SEO: The True Cost of Doing It Wrong
February 1, 2005
There is much debate in the general public and in the search engine optimization community as to what amount companies should pay for search engine optimization expertise.1 Prices are all over the board, and can be influenced by an SEO firm's size, reputation (or lack thereof), resources invested in customer service, and many other factors. Moreover, there are a variety of pricing models from which to choose.
Rather than hire a firm, some companies instead opt to attempt this specialized discipline in-house in order to "save" money. Of course, there is a cost associated with this option as well: labor. Often, the cost of effectively performing SEO in-house, when fully calculated, will be equal to or greater than the costs of outsourcing (due to a sizable learning curve and the necessary testing and experimentation required).
In any case, companies often make decisions on whether to outsource (and if so, which provider to choose) based solely on price. However, one thing that is rarely factored into the decision making process is the potential cost of doing SEO wrong.
The Price Tag
The most obvious cost of doing SEO wrong is the price that was paid for the actual work, whether paid to a firm or toward salaries for internal resources. While this is the most quantifiable cost and the easiest to recognize, it is generally the least expensive consideration. This concept is sometimes difficult to understand, since there is typically a finite sum the company considers "at risk" when they sign a contract with an SEO firm or commit internal resources to the task.
In many cases, companies hire optimization firms that may use potentially risky or aggressive techniques to increase rankings. Other companies use well-intentioned but over-eager internal resources that implement dated, and often incorrect, methodologies. Such strategies may work in the short term, but it may be only a matter of time before the search engines catch on to the gimmick and the site becomes penalized2. In this scenario, the company actually winds up in a worse situation than before they hired the search firm or committed the internal resources, since now they have lost any search positions with which they started! Afterwards, getting back into a search engine index and achieving prior rankings may be difficult.
Lost Opportunity Cost
Search is currently one of the hottest marketing channels in the world, and increasing numbers of companies are jumping into the mix and realizing outstanding returns on their investment. However, it can take several months to attain optimal results with search engine optimization, and choosing the wrong provider or using ineffective methodology can delay any returns. It is critical that the methodologies used at the outset are effective and timely to minimize the waiting period for results.

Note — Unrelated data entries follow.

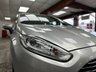 USED 2017 67 FORD FIESTA 1.25 Zetec Hatchback 5dr Petrol Manual Euro 6 (82 ps) Serviced Before Sale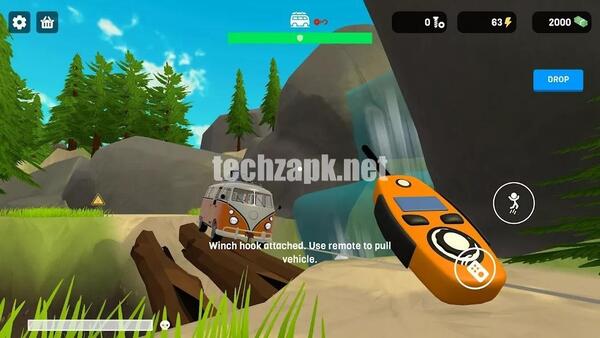RV Camper Simulator APK Free Shopping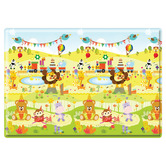 Love N Care Love N Care Birthday Party Reversible Play Mat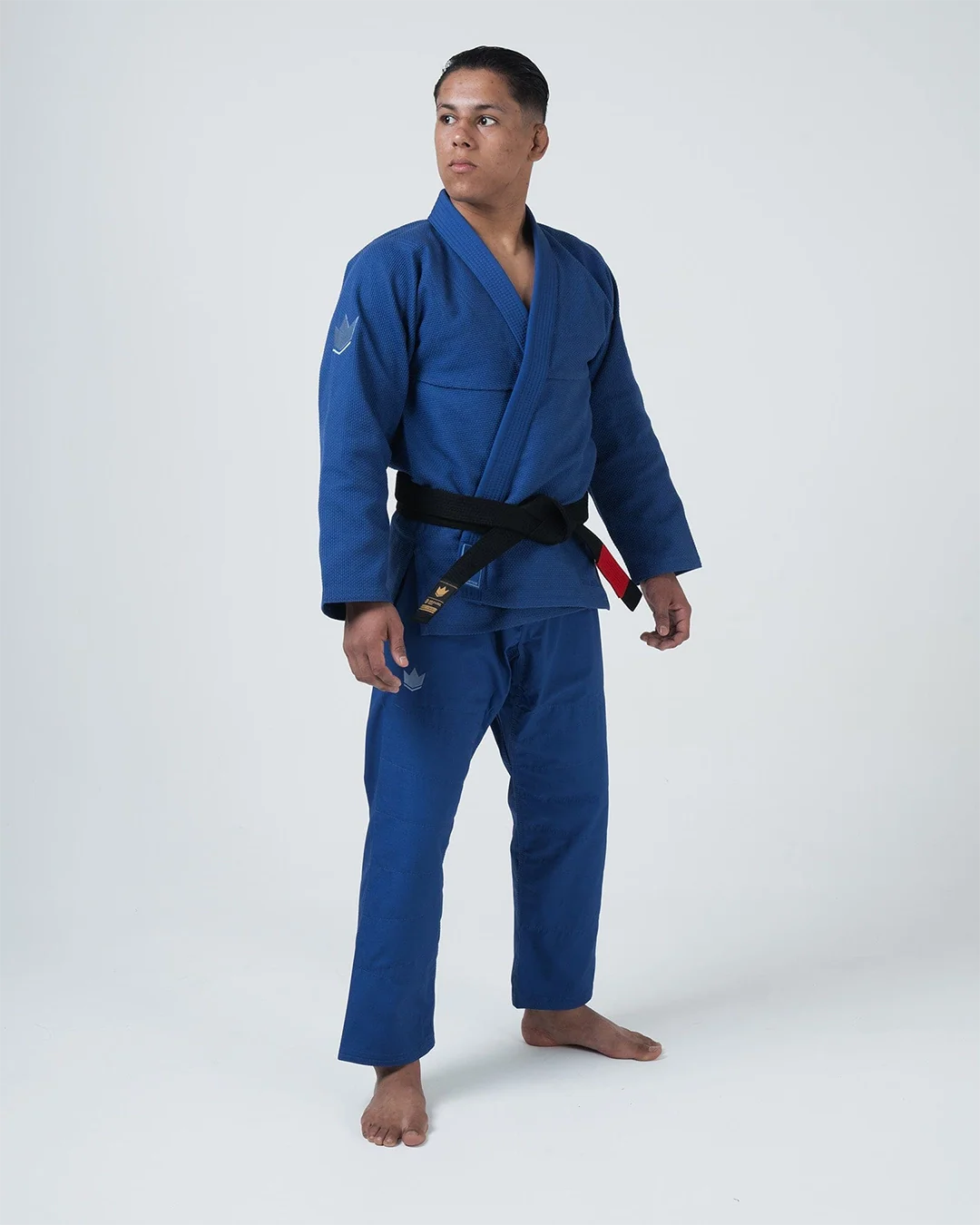 Balistico 4.0 Brazilian Jiu Jitsu Gi - Blue from Kingz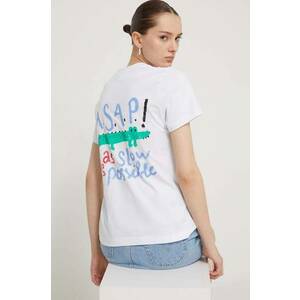 On Vacation bluza femei, cu glugă, cu imprimeu imagine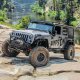 WES Snyper Tube Fenders
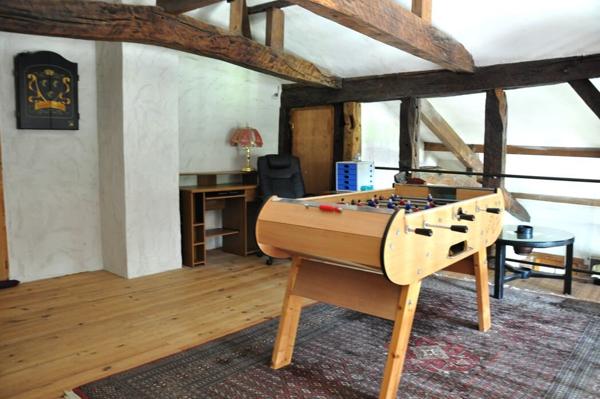 LANDES 40465 PRÉCHACQ LES BAINS, MAISON 209M² ET DÉPENDANCES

Disenchantment Leading to Channel Abandonmen
Worse yet, sometimes a company that hired an inexperienced or unscrupulous firm, or used internal resources to little effect, will abandon the idea of pursuing SEO. Some companies have made blanket statements about how SEO "doesn't work for their business", because they didn't get results from a single poorly-executed initiative. This mistaken belief is potentially the most expensive cost of doing SEO wrong, since the major increases in revenue that SEO can provide are never realized by such companies (although they are often realized by that company's competitors).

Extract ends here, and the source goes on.